Wanneer een sterke gewapende man zijn woning bewaakt, is alles wat hij heeft veilig. Maar als iemand die sterker is dan hij, op hem af komt en hem overwint… verdeelt hij zijn buit…Wanneer de onreine geest van de mens uitgegaan is… (Lukas 11:21—24)

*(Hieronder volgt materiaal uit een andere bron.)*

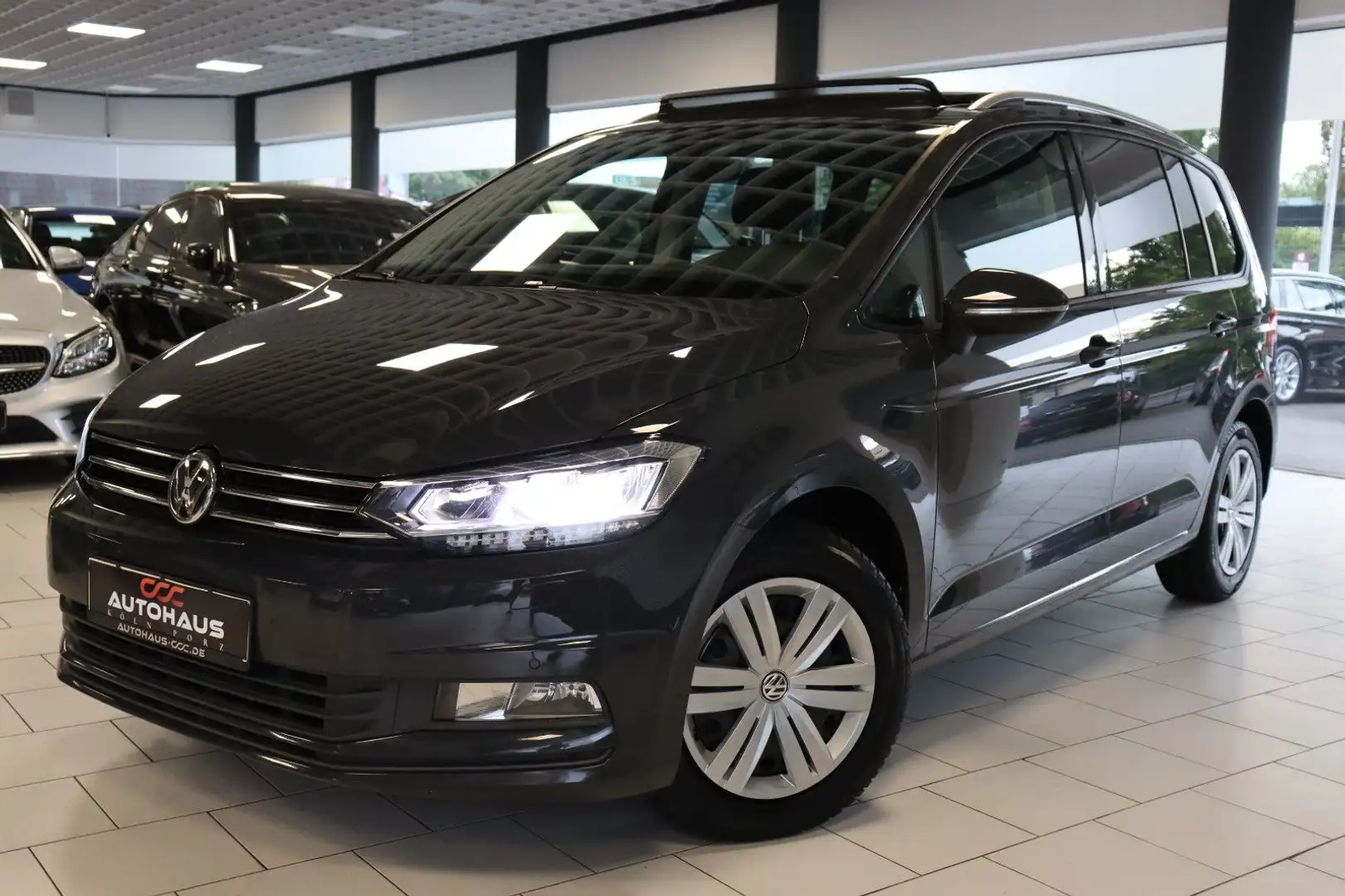 Volkswagen Touran Comfortline BMT/Start-Stopp|PANO|LED|ACC| Grigio - 1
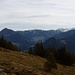 Blick zu den westlichen Kitzbühler Alpen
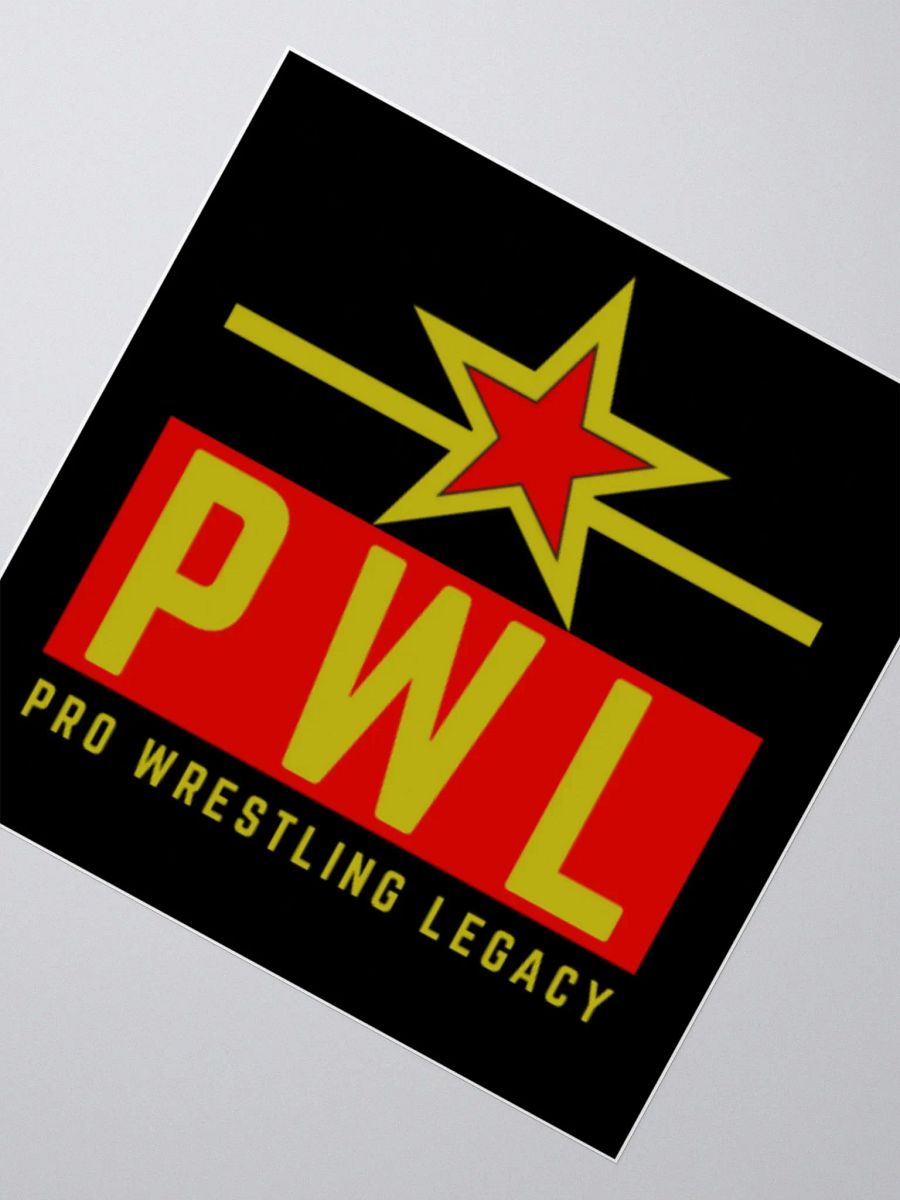 PWL STICKERS product image (9)
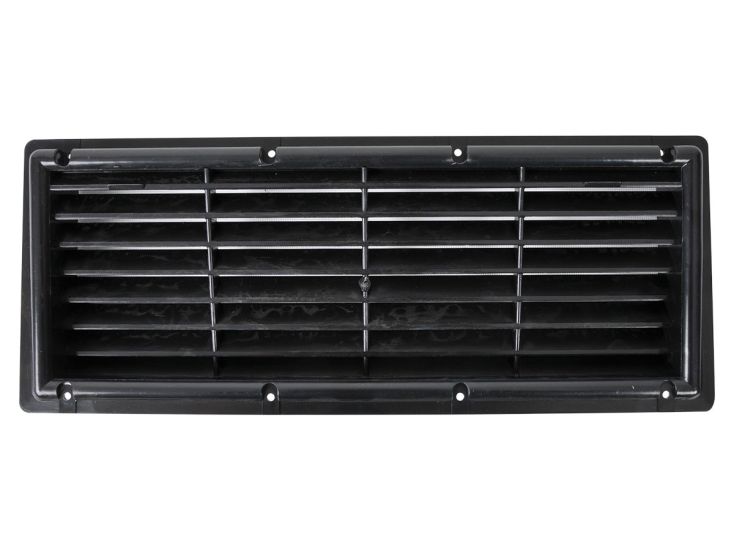 MPK zwarte ventilatierooster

Lees verder 1 Thessalonicenzen 5:1—10.
Zolang je tevreden bent met de wereld en met de vorst die over deze wereld regeert, zul je doorgaan tot je eigen vernietiging. Satan doet met mensen zoals de sirenen (halfgodinnen) volgens de legende met de zeelieden doen. Ze zaten op een rots en zongen liederen. De liederen waren zo harmonieus dat geen zeeman die het geluid hoorde ooit de drang kon weerstaan om zijn schip daarheen te sturen. Zo verging elk schip, het werd op de rotsen vernield door hun rampzalige maar betoverende melodieën. Zo is Satans stem. Hij lokt naar de eeuwige ondergang met de zoetste melodieën van helse minstrelen kunst. Dit is de liefelijke toon, “Vrede, vrede.” O zondaar, als je geen dwaas bent, stop je oren dan voor dit verraderlijke lied. Eeuwig geloofd zij de soevereine genade die ons gered heeft van de betovering van deze vernieler. Hij die in je hart woont wordt een “onreine geest” genoemd. Hij is onrein, hoeveel vrede hij je ook geeft. Vlei jezelf niet met het tegenovergestelde. Hij is altijd dezelfde, onveranderd en onveranderlijk. Misschien vertel je me dat je niet onderworpen bent aan onreinheid. Je drinkt niet, vloekt niet en liegt niet. Maar onthoud, het is onrein om niet met God verzoend te zijn, het is onrein om een vreemde te zijn voor Christus, het is onrein om God die je geschapen heeft ongehoorzaam te zijn en boven alles is het onrein om de Verlosser niet lief te hebben. Zijn kostbare bloed heeft Zijn volk verlost van de zonde. Op zijn best is de duivel niet beter dan een duivel, en het hart waarin hij woont is niet beter dan het hol wat een verrader verbergt.
Ter overdenking
Zonde beïnvloed elk deel van ons wezen. Zelfs dat wat wij als goed beschouwen is onrein in Gods ogen (Jesaja 64:6). We blijven onrein tot we vertrouwen op het bloed van de Heere Jezus Christus om ons te reinigen van al onze zonde (Johannes 1:7).